======== Extracted material ========

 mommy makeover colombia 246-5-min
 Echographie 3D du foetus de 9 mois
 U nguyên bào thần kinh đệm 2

========
======== Extracted material ========

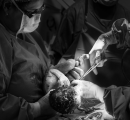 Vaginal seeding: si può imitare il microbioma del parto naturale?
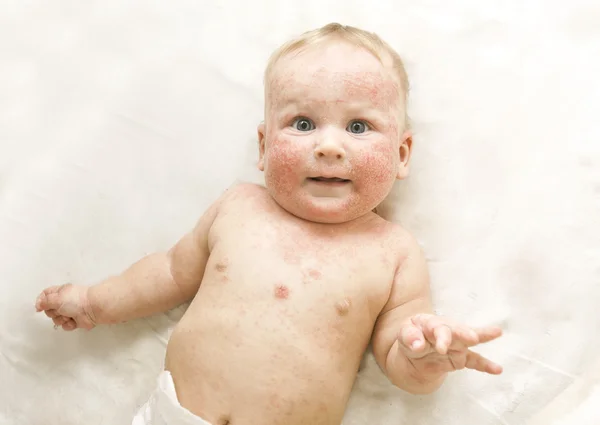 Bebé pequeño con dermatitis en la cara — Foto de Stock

========
======== Extracted material ========

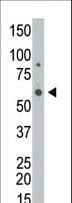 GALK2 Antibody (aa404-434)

========

**What the exercise asks**
In the listing above, locate the line containing "mommy makeover colombia 246-5-min" and the line containing "U nguyên bào thần kinh đệm 2". Transcribe those two lines and everything between them, exactly as written.

**Answer for the task**
 mommy makeover colombia 246-5-min
 Echographie 3D du foetus de 9 mois
 U nguyên bào thần kinh đệm 2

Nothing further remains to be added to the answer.